> [EXERCISE DETAILS]: What is needed is an exact transcription of every record below.

> [EXERCISE MATERIAL]:
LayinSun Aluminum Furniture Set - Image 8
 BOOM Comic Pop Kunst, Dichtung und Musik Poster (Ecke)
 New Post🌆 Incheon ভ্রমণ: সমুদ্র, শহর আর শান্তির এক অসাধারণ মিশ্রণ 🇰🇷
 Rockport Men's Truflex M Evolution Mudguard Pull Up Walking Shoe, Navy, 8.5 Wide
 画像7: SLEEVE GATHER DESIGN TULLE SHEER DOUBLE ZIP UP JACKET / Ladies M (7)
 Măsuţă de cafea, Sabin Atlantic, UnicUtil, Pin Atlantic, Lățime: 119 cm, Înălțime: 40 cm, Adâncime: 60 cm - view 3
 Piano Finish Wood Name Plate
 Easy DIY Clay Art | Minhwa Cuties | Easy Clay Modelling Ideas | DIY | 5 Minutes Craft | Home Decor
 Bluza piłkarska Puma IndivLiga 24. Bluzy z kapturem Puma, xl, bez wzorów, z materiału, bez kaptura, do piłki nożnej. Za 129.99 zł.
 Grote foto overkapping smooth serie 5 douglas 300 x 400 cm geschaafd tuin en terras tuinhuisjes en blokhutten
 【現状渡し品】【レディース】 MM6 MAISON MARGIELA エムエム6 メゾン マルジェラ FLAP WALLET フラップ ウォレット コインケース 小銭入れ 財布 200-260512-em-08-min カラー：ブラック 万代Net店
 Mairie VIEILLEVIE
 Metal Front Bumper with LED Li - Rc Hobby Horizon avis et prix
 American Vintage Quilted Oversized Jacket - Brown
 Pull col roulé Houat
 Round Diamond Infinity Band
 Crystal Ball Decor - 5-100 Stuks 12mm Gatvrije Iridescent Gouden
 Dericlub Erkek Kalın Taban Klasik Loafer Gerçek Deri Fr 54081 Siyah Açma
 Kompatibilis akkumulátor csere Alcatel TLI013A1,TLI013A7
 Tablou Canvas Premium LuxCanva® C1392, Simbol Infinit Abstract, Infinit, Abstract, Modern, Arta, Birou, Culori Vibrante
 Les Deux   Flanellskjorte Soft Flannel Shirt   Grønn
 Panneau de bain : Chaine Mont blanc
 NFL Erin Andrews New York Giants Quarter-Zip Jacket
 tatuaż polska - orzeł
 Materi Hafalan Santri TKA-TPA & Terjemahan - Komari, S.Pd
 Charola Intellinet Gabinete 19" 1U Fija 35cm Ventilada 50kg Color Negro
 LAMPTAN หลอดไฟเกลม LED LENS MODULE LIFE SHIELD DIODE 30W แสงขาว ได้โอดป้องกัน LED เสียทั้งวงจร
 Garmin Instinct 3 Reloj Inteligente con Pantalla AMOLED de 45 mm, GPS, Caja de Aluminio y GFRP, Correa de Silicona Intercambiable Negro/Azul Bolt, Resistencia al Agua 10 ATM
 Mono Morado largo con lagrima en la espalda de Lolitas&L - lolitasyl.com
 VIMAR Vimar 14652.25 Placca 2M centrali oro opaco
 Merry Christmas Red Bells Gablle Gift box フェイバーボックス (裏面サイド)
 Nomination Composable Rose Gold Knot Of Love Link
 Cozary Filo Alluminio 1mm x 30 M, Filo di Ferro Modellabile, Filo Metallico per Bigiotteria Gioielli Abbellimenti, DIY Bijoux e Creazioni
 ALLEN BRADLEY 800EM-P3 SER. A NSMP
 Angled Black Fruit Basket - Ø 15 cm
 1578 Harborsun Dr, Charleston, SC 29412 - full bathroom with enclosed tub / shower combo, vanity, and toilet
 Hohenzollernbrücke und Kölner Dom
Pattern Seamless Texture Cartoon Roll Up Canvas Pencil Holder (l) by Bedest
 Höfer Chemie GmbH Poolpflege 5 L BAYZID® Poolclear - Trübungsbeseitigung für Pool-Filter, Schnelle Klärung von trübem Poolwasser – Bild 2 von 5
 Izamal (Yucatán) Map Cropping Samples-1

> [PROBLEM SOLUTION]:
LayinSun Aluminum Furniture Set - Image 8
 BOOM Comic Pop Kunst, Dichtung und Musik Poster (Ecke)
 New Post🌆 Incheon ভ্রমণ: সমুদ্র, শহর আর শান্তির এক অসাধারণ মিশ্রণ 🇰🇷
 Rockport Men's Truflex M Evolution Mudguard Pull Up Walking Shoe, Navy, 8.5 Wide
 画像7: SLEEVE GATHER DESIGN TULLE SHEER DOUBLE ZIP UP JACKET / Ladies M (7)
 Măsuţă de cafea, Sabin Atlantic, UnicUtil, Pin Atlantic, Lățime: 119 cm, Înălțime: 40 cm, Adâncime: 60 cm - view 3
 Piano Finish Wood Name Plate
 Easy DIY Clay Art | Minhwa Cuties | Easy Clay Modelling Ideas | DIY | 5 Minutes Craft | Home Decor
 Bluza piłkarska Puma IndivLiga 24. Bluzy z kapturem Puma, xl, bez wzorów, z materiału, bez kaptura, do piłki nożnej. Za 129.99 zł.
 Grote foto overkapping smooth serie 5 douglas 300 x 400 cm geschaafd tuin en terras tuinhuisjes en blokhutten
 【現状渡し品】【レディース】 MM6 MAISON MARGIELA エムエム6 メゾン マルジェラ FLAP WALLET フラップ ウォレット コインケース 小銭入れ 財布 200-260512-em-08-min カラー：ブラック 万代Net店
 Mairie VIEILLEVIE
 Metal Front Bumper with LED Li - Rc Hobby Horizon avis et prix
 American Vintage Quilted Oversized Jacket - Brown
 Pull col roulé Houat
 Round Diamond Infinity Band
 Crystal Ball Decor - 5-100 Stuks 12mm Gatvrije Iridescent Gouden
 Dericlub Erkek Kalın Taban Klasik Loafer Gerçek Deri Fr 54081 Siyah Açma
 Kompatibilis akkumulátor csere Alcatel TLI013A1,TLI013A7
 Tablou Canvas Premium LuxCanva® C1392, Simbol Infinit Abstract, Infinit, Abstract, Modern, Arta, Birou, Culori Vibrante
 Les Deux   Flanellskjorte Soft Flannel Shirt   Grønn
 Panneau de bain : Chaine Mont blanc
 NFL Erin Andrews New York Giants Quarter-Zip Jacket
 tatuaż polska - orzeł
 Materi Hafalan Santri TKA-TPA & Terjemahan - Komari, S.Pd
 Charola Intellinet Gabinete 19" 1U Fija 35cm Ventilada 50kg Color Negro
 LAMPTAN หลอดไฟเกลม LED LENS MODULE LIFE SHIELD DIODE 30W แสงขาว ได้โอดป้องกัน LED เสียทั้งวงจร
 Garmin Instinct 3 Reloj Inteligente con Pantalla AMOLED de 45 mm, GPS, Caja de Aluminio y GFRP, Correa de Silicona Intercambiable Negro/Azul Bolt, Resistencia al Agua 10 ATM
 Mono Morado largo con lagrima en la espalda de Lolitas&L - lolitasyl.com
 VIMAR Vimar 14652.25 Placca 2M centrali oro opaco
 Merry Christmas Red Bells Gablle Gift box フェイバーボックス (裏面サイド)
 Nomination Composable Rose Gold Knot Of Love Link
 Cozary Filo Alluminio 1mm x 30 M, Filo di Ferro Modellabile, Filo Metallico per Bigiotteria Gioielli Abbellimenti, DIY Bijoux e Creazioni
 ALLEN BRADLEY 800EM-P3 SER. A NSMP
 Angled Black Fruit Basket - Ø 15 cm
 1578 Harborsun Dr, Charleston, SC 29412 - full bathroom with enclosed tub / shower combo, vanity, and toilet
 Hohenzollernbrücke und Kölner Dom
Pattern Seamless Texture Cartoon Roll Up Canvas Pencil Holder (l) by Bedest
 Höfer Chemie GmbH Poolpflege 5 L BAYZID® Poolclear - Trübungsbeseitigung für Pool-Filter, Schnelle Klärung von trübem Poolwasser – Bild 2 von 5
 Izamal (Yucatán) Map Cropping Samples-1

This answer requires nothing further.